Signée ‘Henry de Groux.’ en bas à gauche
The tortured man, oil on canvas, signed, by H. De Groux
36.41 x 29.13 in.
Vente anonyme ; Le Crédit Municipal de Paris, 13 décembre 2019, n° 33 ;
Acquis lors de cette vente par l’actuel propriétaire ;
Collection particulière, Paris
Artiste tumultueux et tourmenté, dont le tempérament de feu n’a eu de cesse de le définir et de le condamner, Henry De Groux est l’un des grands représentants de l’art symboliste en Belgique. Ses compositions picturales, souvent dramatiques et expressives, témoignent d’un goût pour les thèmes héroïques et les visions apocalyptiques, où les émotions intenses dominent. Exposant en 1887 avec le Groupe des XX aux côtés de Fernand Khnopff, Constantin Meunier, James Ensor ou encore Auguste Rodin, il connaît rapidement le succès, mais son caractère colérique et violent l’exclue rapidement de ce groupe d’avant-garde. Installé à Paris en 1891, il y présente son Christ aux outrages l’année suivante et fait sensation. Cet immense et emblématique tableau est exposé grâce à Osbert dans une grange du XVe arrondissement où artistes et gens du monde viennent l’admirer. De Groux l’expose ensuite à plusieurs reprises, au Salon du Champ-de-Mars, chez Le Barc de Boutteville, au Salon de La Plume ainsi qu’à La Libre Esthétique de Bruxelles, avant de susciter une nouvelle fois l’intérêt au Salon d’Automne en 1911.
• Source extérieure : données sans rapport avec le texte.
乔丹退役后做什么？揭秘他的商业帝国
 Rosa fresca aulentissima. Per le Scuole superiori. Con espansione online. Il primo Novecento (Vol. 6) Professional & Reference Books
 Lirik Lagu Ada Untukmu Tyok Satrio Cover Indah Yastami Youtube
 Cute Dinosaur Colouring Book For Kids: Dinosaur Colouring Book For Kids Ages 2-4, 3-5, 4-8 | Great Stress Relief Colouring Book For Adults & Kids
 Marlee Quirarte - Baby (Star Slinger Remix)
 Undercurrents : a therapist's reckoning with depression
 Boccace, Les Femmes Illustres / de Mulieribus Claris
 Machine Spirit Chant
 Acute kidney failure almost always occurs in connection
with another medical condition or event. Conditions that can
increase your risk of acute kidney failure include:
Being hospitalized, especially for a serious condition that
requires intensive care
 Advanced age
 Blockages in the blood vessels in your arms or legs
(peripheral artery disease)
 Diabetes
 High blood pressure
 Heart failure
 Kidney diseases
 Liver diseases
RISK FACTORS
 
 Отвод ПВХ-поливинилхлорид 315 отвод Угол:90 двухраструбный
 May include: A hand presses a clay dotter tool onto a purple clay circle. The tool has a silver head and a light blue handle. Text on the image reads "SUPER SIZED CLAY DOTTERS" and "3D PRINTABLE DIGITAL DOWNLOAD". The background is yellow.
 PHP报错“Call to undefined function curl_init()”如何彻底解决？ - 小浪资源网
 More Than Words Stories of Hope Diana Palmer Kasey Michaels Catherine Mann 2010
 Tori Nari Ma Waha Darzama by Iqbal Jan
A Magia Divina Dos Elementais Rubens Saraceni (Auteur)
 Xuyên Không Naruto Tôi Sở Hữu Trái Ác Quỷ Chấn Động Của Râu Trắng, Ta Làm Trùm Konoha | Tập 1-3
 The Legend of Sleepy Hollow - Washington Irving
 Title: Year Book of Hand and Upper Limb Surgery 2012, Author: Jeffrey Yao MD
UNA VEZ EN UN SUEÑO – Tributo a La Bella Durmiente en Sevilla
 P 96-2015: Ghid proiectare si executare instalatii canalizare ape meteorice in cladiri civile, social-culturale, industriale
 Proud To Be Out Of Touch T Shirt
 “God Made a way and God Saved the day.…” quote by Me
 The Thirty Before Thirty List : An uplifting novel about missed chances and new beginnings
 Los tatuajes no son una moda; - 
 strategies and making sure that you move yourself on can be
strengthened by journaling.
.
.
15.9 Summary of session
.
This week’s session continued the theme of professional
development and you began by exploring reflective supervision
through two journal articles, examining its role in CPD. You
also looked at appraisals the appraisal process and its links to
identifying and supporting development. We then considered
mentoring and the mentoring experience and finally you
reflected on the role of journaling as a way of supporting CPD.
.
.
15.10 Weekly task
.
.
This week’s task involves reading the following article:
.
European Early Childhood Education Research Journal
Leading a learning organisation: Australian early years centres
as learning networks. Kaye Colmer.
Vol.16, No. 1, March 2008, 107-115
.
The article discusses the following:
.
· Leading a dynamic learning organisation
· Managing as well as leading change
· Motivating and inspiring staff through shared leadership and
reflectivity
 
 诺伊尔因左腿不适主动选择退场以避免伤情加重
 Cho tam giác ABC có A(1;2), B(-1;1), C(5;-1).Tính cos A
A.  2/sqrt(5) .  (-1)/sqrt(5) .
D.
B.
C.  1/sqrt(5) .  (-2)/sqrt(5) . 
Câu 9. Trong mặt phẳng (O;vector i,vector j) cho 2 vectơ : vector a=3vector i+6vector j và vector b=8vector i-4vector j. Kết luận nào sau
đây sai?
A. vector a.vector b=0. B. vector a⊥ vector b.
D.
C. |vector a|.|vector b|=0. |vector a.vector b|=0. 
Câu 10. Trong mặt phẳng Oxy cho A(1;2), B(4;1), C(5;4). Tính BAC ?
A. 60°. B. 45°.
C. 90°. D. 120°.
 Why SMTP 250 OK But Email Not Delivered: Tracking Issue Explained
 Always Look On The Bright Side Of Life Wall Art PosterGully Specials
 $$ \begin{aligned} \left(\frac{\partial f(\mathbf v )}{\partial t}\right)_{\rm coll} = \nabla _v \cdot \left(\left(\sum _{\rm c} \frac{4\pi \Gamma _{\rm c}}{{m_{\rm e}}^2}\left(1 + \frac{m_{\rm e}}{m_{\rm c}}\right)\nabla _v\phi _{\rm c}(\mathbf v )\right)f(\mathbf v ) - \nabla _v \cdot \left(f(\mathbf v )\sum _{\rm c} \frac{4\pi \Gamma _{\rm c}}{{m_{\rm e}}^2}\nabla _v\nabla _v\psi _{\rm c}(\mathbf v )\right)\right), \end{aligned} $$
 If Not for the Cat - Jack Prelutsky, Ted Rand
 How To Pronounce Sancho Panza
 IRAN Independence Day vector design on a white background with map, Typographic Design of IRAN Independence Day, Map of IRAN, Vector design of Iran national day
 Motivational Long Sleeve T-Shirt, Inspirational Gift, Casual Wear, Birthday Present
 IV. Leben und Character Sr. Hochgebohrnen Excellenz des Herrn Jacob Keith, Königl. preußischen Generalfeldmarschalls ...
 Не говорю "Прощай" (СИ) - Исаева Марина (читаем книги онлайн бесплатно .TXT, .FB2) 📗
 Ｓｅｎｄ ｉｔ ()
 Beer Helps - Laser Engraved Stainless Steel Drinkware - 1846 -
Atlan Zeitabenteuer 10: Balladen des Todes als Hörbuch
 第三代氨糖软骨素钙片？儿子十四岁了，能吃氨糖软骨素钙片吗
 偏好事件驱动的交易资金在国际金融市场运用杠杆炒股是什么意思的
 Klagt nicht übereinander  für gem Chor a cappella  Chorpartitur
De par sa thématique, sa composition et la douleur crispée qui en émane, notre Torturé nous rappelle sans mal le fameux Christ aux outrages (fig. 1), dont Henry De Groux a réalisé plusieurs versions. Léon Bloy, ami intime de l’artiste, décrit en ces mots ce dernier : « L’Homme des douleurs est debout sur le mont fameux que la tradition désigne comme le tumulus du premier désobéissant. (...) La rage de cette populace aux poings crispés paraît avoir, selon l’esprit des quatre Évangiles, quelque chose de prophétique et de surhumain. Les petits enfants eux-mêmes - détail panique ! - hurlent à la mort et brandis- sent leurs faibles bras1». Ligoté et ensanglanté, notre personnage principal endosse un rôle très similaire à celui du Christ. Sur son visage, dont l’expression est épouvantée, le sang ruisselle à l’endroit où devrait se trouver la couronne d’épines. Les plaies ouvertes et sanglantes de sa flagellation sont également figurées par le fouet présenté au premier plan, tandis que ses mains ligotées sont lacérées. À l’arrière-plan les similitudes existent également : une croix est brandie au milieu d’un tourbillon de flammes tandis qu’une multitude de visages aux expressions diverses et incompréhensibles se tournent vers le torturé.
Fig. 1 : Henry De Groux, Le Christ aux outrages, 1889, huile sur toile (293 x 353 cm), Avignon, Palais du Roure
1 - Léon Bloy, Le Mendiant ingrat, journal de l’auteur, 1892-1895, Bruxelles, 1898, p. 19.